Write the records out again exactly, leaving no images in.

Top of Data for this exercise

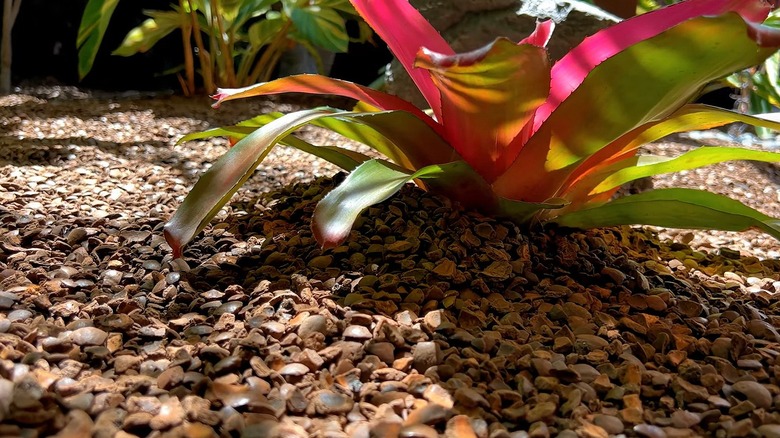 Macadamia nut shell ground cover in Hawaii
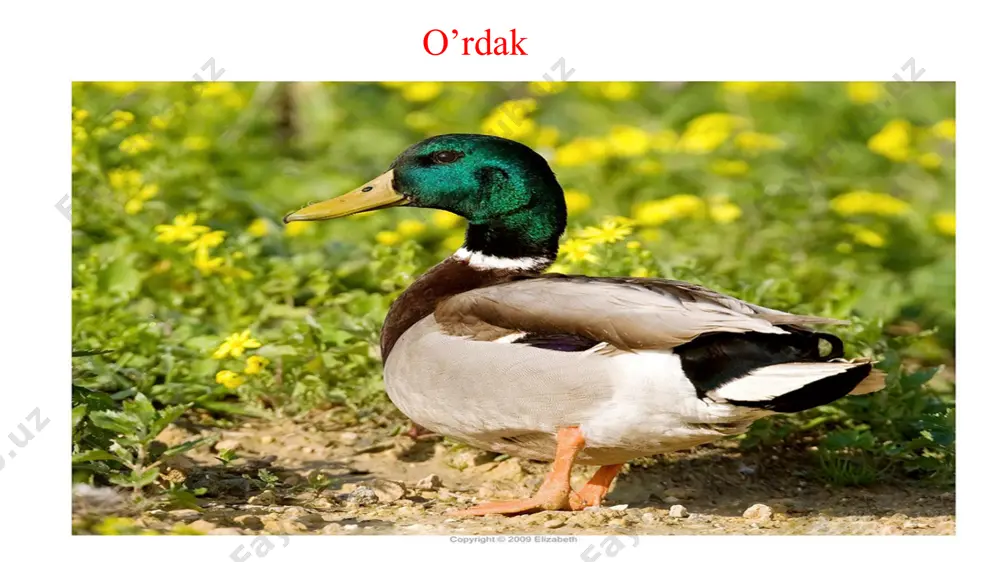 lishi uchun sharoit tug'iladi. hasharotlar paydo bo'lishi bilan esa hasharotxo'r qushlar uchib kela boshlaydi. qushlarning migratsiyasi va biologiyasining boshqa tomonlarini o'rganishda, asosan qushlarni halqalash usulidan keng foydalaniladi, ya’ni qushning uyadagi jo'jasiga yoki ushlangan qushning oyog'iga metalldan yasalgan raqamlangan halqa taqiladi. bunda qushlar uya quradigan va qishlaydigan joylarida yoki uchib ketayotgan yo‘llarida ko'plab tutiladi. tutilgan qushning oyog'iga raqamlagan yengil aluminiydan yasalgan halqa tamg'alar taqib, so'ngra qo'yib yuboriladi. halqada tartib raqami va halqalangan tashkilotning shartli belgisi yoziladi. bu halqalangan qush turi yana qo'lga tushsa, halqasidagi raqamiga qarab qaysi tomonga uchib borganligini, migratsiya tezligini, tabiatda qancha umr ko'rishini va boshqa ma’lumotlarni aniqlash mumkin. halqalangan qushlar topilganda bu qush bo'yicha barcha ma’lumotlar rossiya federatsiyasi fa markaziy halqalash markaziga yuboriladi. har yili dunyo bo'yicha 1 mln ga yaqin qushlar halqalanadi. qushlarni ommaviy ravishda halqalash natijasida ko'pgina turlarining uya konserva tizmi, yo'nalishi va uchish tezligi, qishlash joylari, umri, o'limi, jinslari juftligining doimiyligi va boshqa ilmiy-amaliy ahamiyatga …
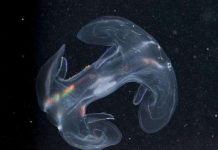 Hàng trăm loài mới phát hiện tại rặng san hô ở Australia (Phần I) Hàng trăm loài mới phát hiện tại rặng san hô ở Australia (Phần I)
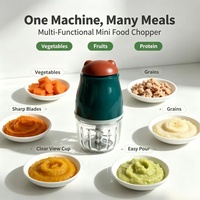 Mixeur Électrique Portable en Verre pour Aliments Bébé, Mini Hachoir à Viande et à Ail à Faible Bruit et Fonctionnement Silencieux pour Usage Domestique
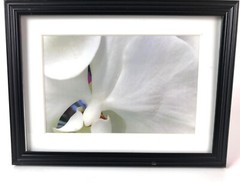 WHITE ORCHID, 4×6 » MATTED AND FRAMED PRINT, READY TO HANG, GREAT GIFT!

Bottom of Data for this exercise

The answer:
 Macadamia nut shell ground cover in Hawaii
 lishi uchun sharoit tug'iladi. hasharotlar paydo bo'lishi bilan esa hasharotxo'r qushlar uchib kela boshlaydi. qushlarning migratsiyasi va biologiyasining boshqa tomonlarini o'rganishda, asosan qushlarni halqalash usulidan keng foydalaniladi, ya’ni qushning uyadagi jo'jasiga yoki ushlangan qushning oyog'iga metalldan yasalgan raqamlangan halqa taqiladi. bunda qushlar uya quradigan va qishlaydigan joylarida yoki uchib ketayotgan yo‘llarida ko'plab tutiladi. tutilgan qushning oyog'iga raqamlagan yengil aluminiydan yasalgan halqa tamg'alar taqib, so'ngra qo'yib yuboriladi. halqada tartib raqami va halqalangan tashkilotning shartli belgisi yoziladi. bu halqalangan qush turi yana qo'lga tushsa, halqasidagi raqamiga qarab qaysi tomonga uchib borganligini, migratsiya tezligini, tabiatda qancha umr ko'rishini va boshqa ma’lumotlarni aniqlash mumkin. halqalangan qushlar topilganda bu qush bo'yicha barcha ma’lumotlar rossiya federatsiyasi fa markaziy halqalash markaziga yuboriladi. har yili dunyo bo'yicha 1 mln ga yaqin qushlar halqalanadi. qushlarni ommaviy ravishda halqalash natijasida ko'pgina turlarining uya konserva tizmi, yo'nalishi va uchish tezligi, qishlash joylari, umri, o'limi, jinslari juftligining doimiyligi va boshqa ilmiy-amaliy ahamiyatga …
 Hàng trăm loài mới phát hiện tại rặng san hô ở Australia (Phần I) Hàng trăm loài mới phát hiện tại rặng san hô ở Australia (Phần I)
 Mixeur Électrique Portable en Verre pour Aliments Bébé, Mini Hachoir à Viande et à Ail à Faible Bruit et Fonctionnement Silencieux pour Usage Domestique
 WHITE ORCHID, 4×6 » MATTED AND FRAMED PRINT, READY TO HANG, GREAT GIFT!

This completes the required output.